New Delhi, 6 June (KNN) The investment in plant and machinery limits should be raised to Rs 50 crore or the turnover based definition of Micro, Small and Medium Enterprises (MSME) should be introduced as soon as possible, demanded the Engineering Export Promotion Council (EEPC) India.

EEPC India made the above suggestion at a joint meeting of the Board of Trade and the Council for Trade Development and Promotion, chaired by Union Commerce and Industry Minister Piyush Goyal.

During the review meeting, Goyal interacted with large community of exporters and stakeholders.

Making a strong demand for availability of steel at international prices to exporters, EEPC India has brought out several key issues affecting exports, including the recent US decision to end preferential trade treatment for India under the generalized system of Preferences.

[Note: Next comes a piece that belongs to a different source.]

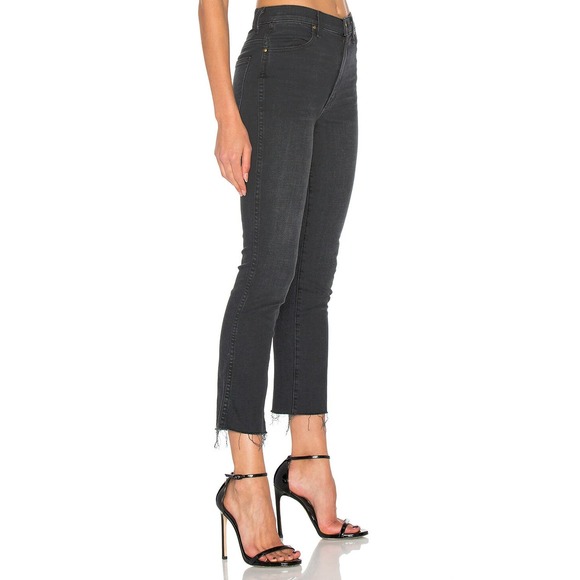 THE GREAT The Nerd Raw Hem Jeans In Black Size 24 Kick Flare High Rise Straight - Picture 3 of 16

In his presentation, EEPC India's Vice Chairman, Arun Garodia said that the US decision on stopping Generalized System of Preferences (GSP) would hit Indian exports hard particularly in sectors such as engineering goods, chemical products and other labor intensive sectors.

Further he said that the removal of these duty concessions would make the majority of products relatively uncompetitive in terms of prices in the US market compared to exports from other developing countries.

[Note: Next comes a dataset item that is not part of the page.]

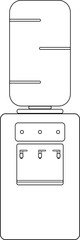 Simple outline water dispenser icon with bottle vector.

Raising the issue of of high prices of domestic steel as compared to international market, he said that high cost of the crucial raw material has resulted into non-competitiveness of Indian downstream engineering exports.

EEPC India also briefed the new minister about the protectionist measures being faced by the engineering exporters in the European Union market.

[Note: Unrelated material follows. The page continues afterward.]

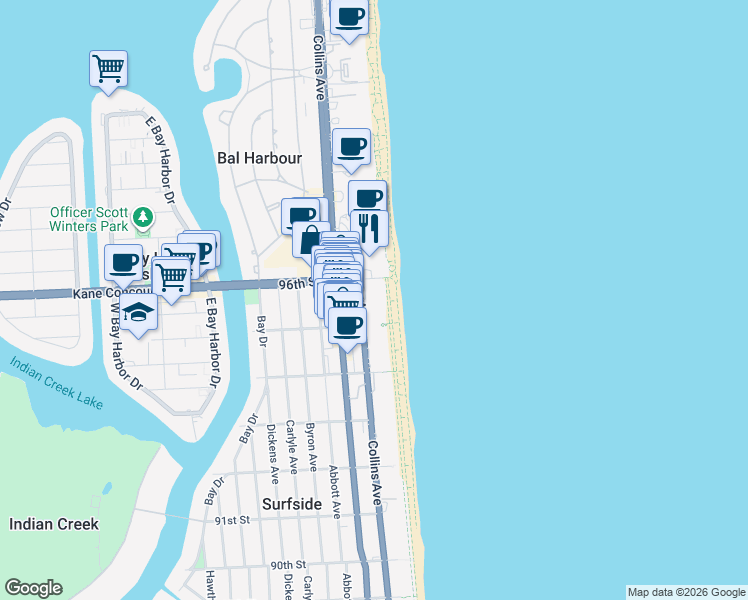 map of restaurants, bars, coffee shops, grocery stores, and more near in Bal Harbour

The other big obstacle for exporters include uncertainties arising out of World Trade Ogranisation (WTO) compatibility for incentive schemes like MEIS and interest equalization scheme, said EEPC India

Garodia stated, "There is an uncertainty in the minds of engineering exporters getting into long term contracts. We suggest that the un-rebated tax scheme be introduced at the earliest so that the phasing out of the existing incentives creates less disruption to our exports''.

Besides, small exporters to OFAC countries like Iran, Syria, Saudi Arabia face  major problem due to  caution caution listed by the RBI. ''This issue needs to be addressed and exporters should not harassed if banks are not accepting payments from OFAC countries'', he added.

He also referred to the issues of customs procedures and facilitation. He said that the Gujarat Court has struck down the pre-import condition under the Advance Authorisation scheme to avail IGST exemption.

He said there are still past problems with regard to GST refunds pertaining to July- Sep 2017. Issues like the problem of higher or identical duty drawback taken during the transition period need to be resolved.

The other issues brought in the review meeting by EEPC India related to lack of clarity with regard to IGST on supplies from the Special Economic Zones to the Domestic Tariff areas. Exporters also wanted adequate credit and finance at lower interest rates even as the collateral requirements for small exporters make them un-competitive.

COMMENTS

  1. B. Yerram Raju
    B. Yerram Raju 06/06/2019 10:19 PM

    Rs.50cr as investment threshold for MSMEs would eventually take away all the incentives for micro and small enterprises into oblivion. If this threshold is considered or even GST is considered tweak the entire incentive system in a way that encourages vertical growth of enterprises from micro to small and small to medium. Consolidate all the 116 schemes in MSME Ministry to just a few - say ten or fifteen and make their reach to larger numbers - at least a million manufacturing enterprises in the MSE sector in a year.